Эмили онемевшими пальцами взяла нож и вилку и отпилила от цыпленка ножку.

Постепенно она снова начала воспринимать звуки и чувствовать запахи. Справа среди карточных игроков усиливалось недовольное ворчание.

— Разве только я в состоянии проникать взглядом сквозь карточную рубашку, — говорил мальчик; голос его рискованно метался между первой и второй октавами. — А иначе ваши обвинения беспочвенны, сэр. Вынужден просить вас взять свои слова обратно.

Один из игроков вскочил с места, опрокинув стул.

— Черта с два, мухлевщик ты и петух паршивый!

— Вы ошибаетесь в обоих случаях. Я человек честный и не отношусь к практикующим содомитам, — с противоестественным хладнокровием ответил мальчик.

Вскочивший протянул руку и опрокинул столбик монет справа от мальчика.

— А я говорю, что не ошибаюсь! — взревел он.

Во всяком случае, так предположила Эмили. Сами слова потонули в крахе человечности, последовавшем за грохотом упавших на пол монет.

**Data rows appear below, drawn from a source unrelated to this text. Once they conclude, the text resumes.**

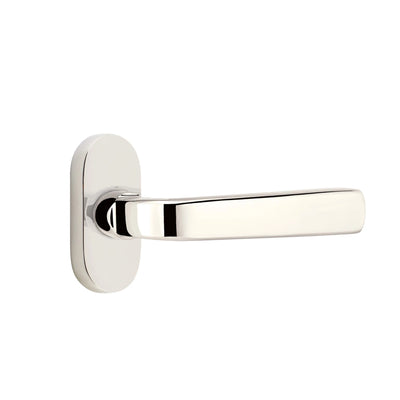 Emtek Sion Lever with Oval Stretto 1-1/2" x 3" in Polished Nickel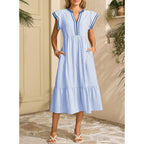 Dokotoo Womens Dresses 2026 Summer V-Neck Ruffle Cap Sleeve Empire Waist Flowy Striped Beach Midi Maxi Dress With Pockets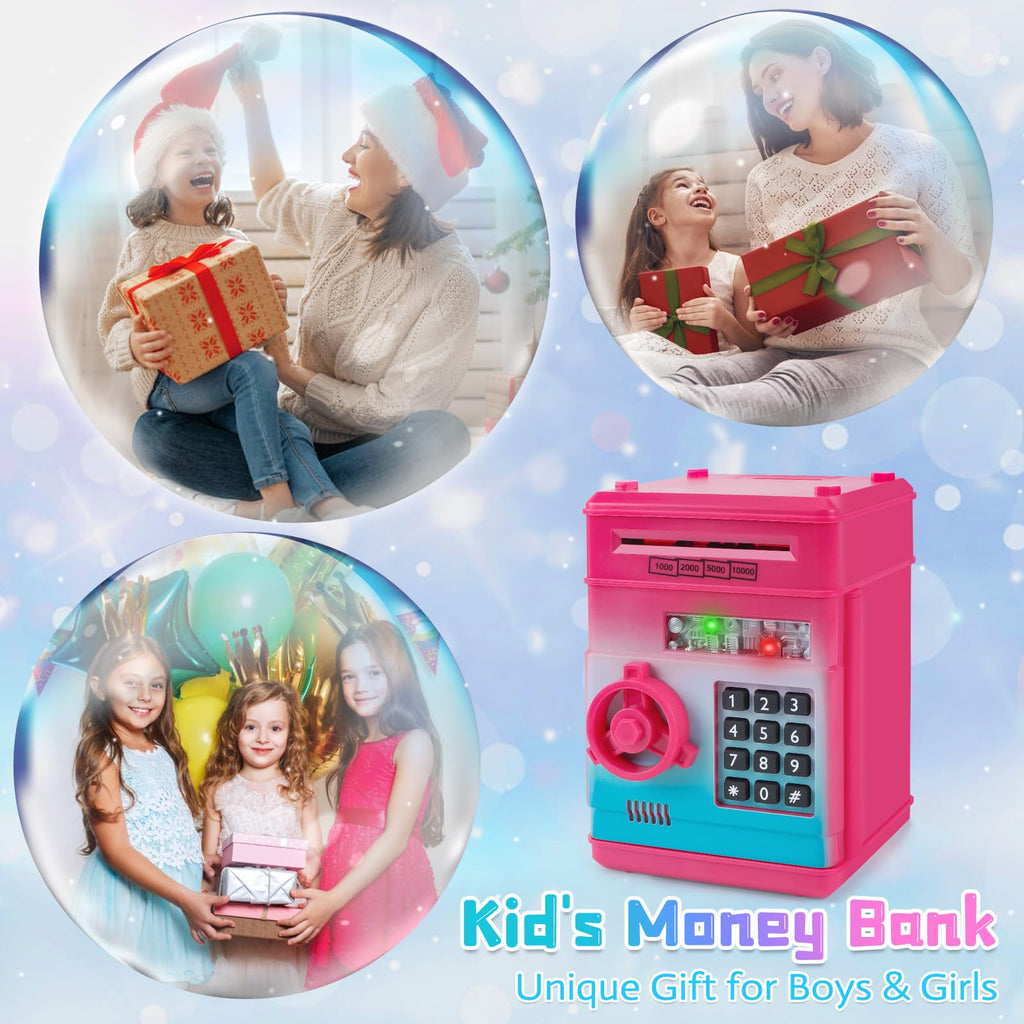 Refasy Piggy Bank Cash Coin Can ATM Bank Electronic Coin Money Bank for Kids Age 3-12, Money Savings Box Mini ATM Coin Bank Toys Gifts for 3 4 5 6 7 8 9 10 11 12 Year Old Boys Girls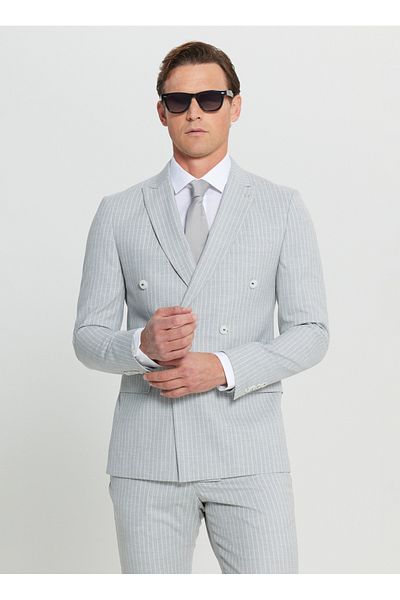 ALTINYILDIZ CLASSICS Altınyıldız Classics Normal Waist Slim Fit Light Gray Men's Suit Ace030252245_Agr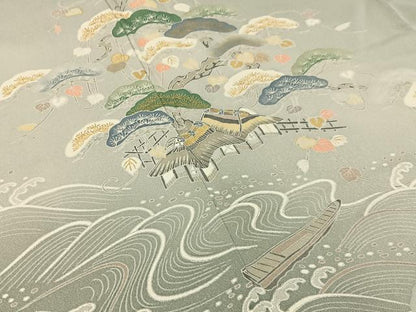 平和屋着物■訪問着　飛鶴浜松文　暈し染め　金彩　正絹　逸品　BAAW5771hj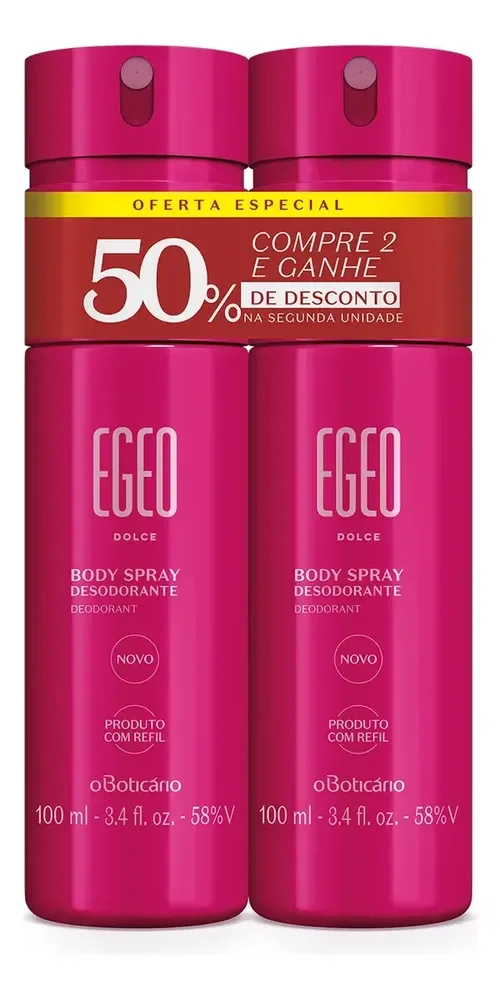 O Boticário Kit Body Spray Egeo Dolce 100ml (2 Itens)
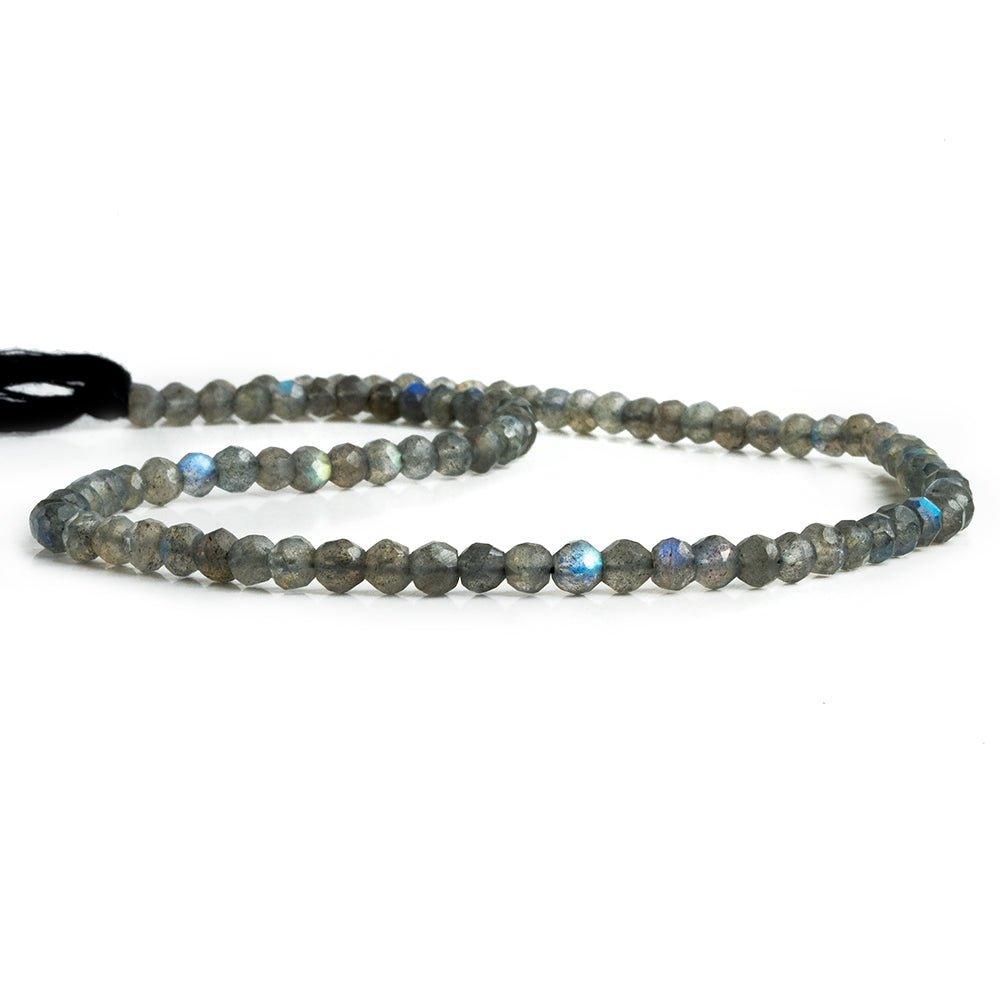 4-5mm Labradorite Faceted Round Beads 12 inch 90 pieces - The Bead Traders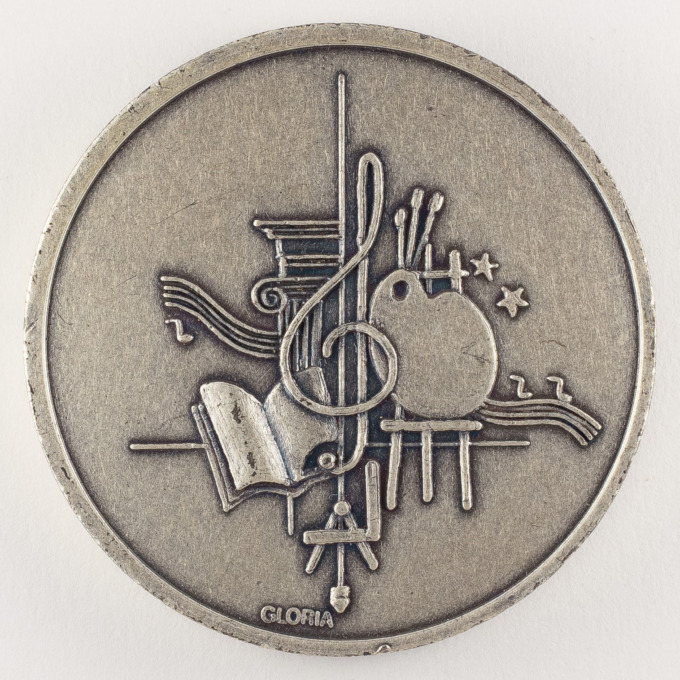 Médaille sur les Arts - Musique, peinture, sculpture - Signée par Gloria - avers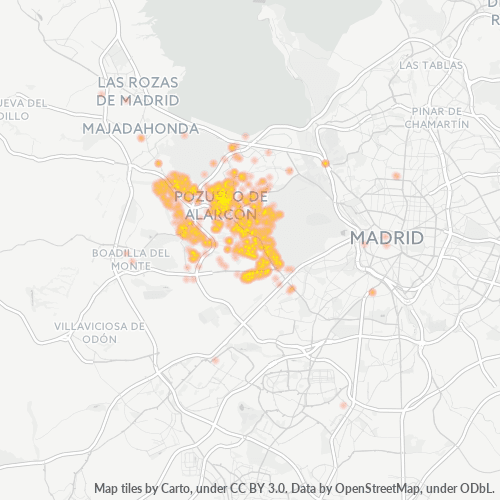 28223 Mapa de calor de densidad empresarial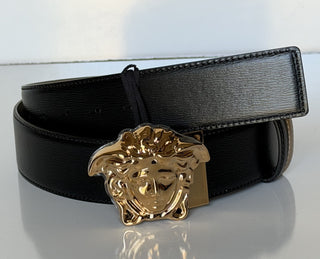 Versace Medusa-Buckle Reversible Leather Black/Brown Belt 90 (36) 1010325 NWT
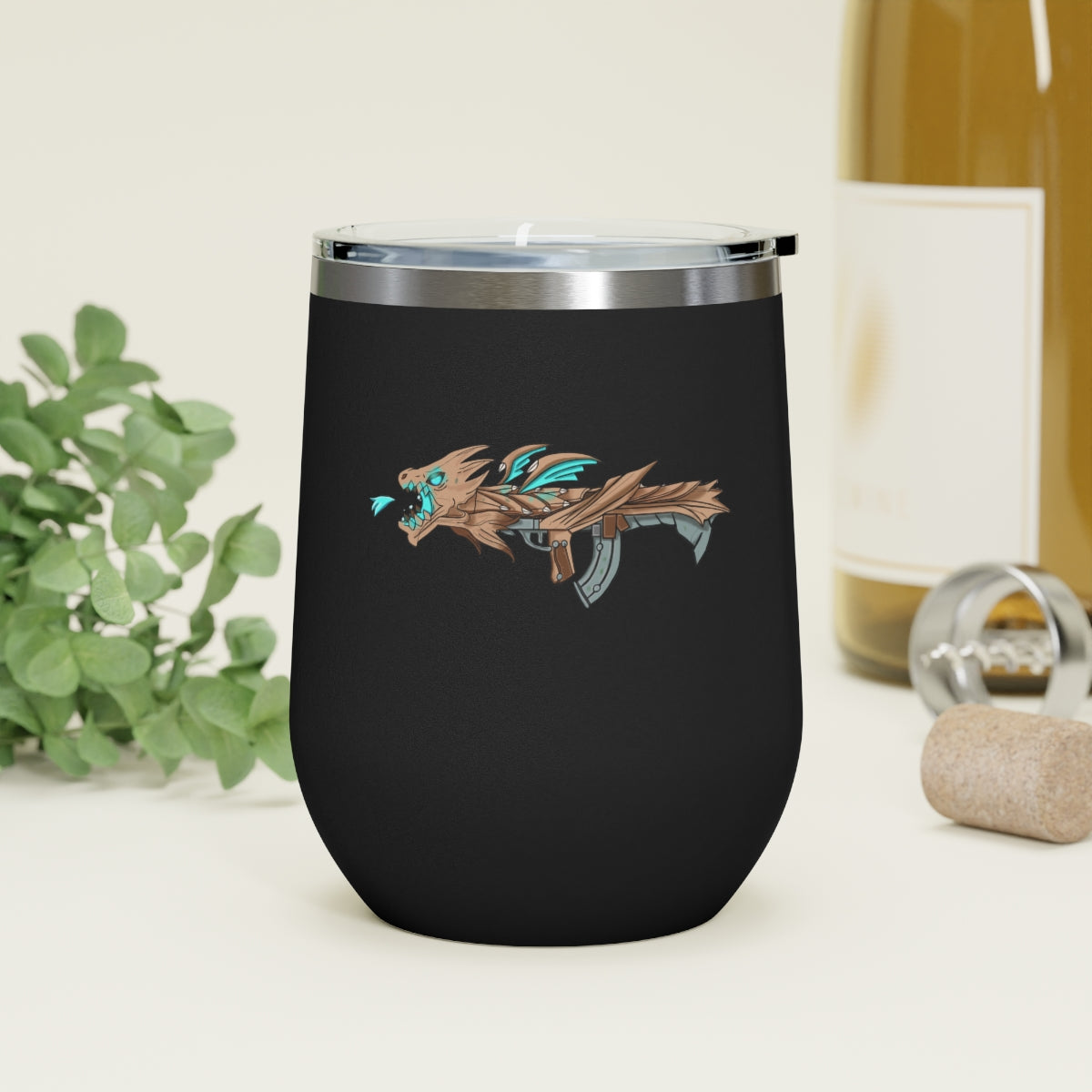 Blue Dragon Gun 12oz Insulated Wine Tumbler with clear lid, showcasing its sleek stainless steel design and vibrant artwork.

Эмили, едва успевшая поднести ко рту цыплячью ногу (с определенным удовольствием — ей в жизни не удавалось съесть хотя бы капельку чего-нибудь, не пользуясь столовыми приборами), чуть не рухнула со стула, увлеченная потоком воздуха, — кто-то долговязый метнулся со своего места у очага и ворвался в сплетение машущих конечностей.

— О, поцелуй меня в зад! — закричала трактирщица, стоявшая футах в трех. — Нед! Неси ведро!

— Что-что? — спросила Эмили, встав со своего стула и в ужасе наблюдая за происходящим. Из клубка тел вылетела монета и глухо ударила ее в лоб.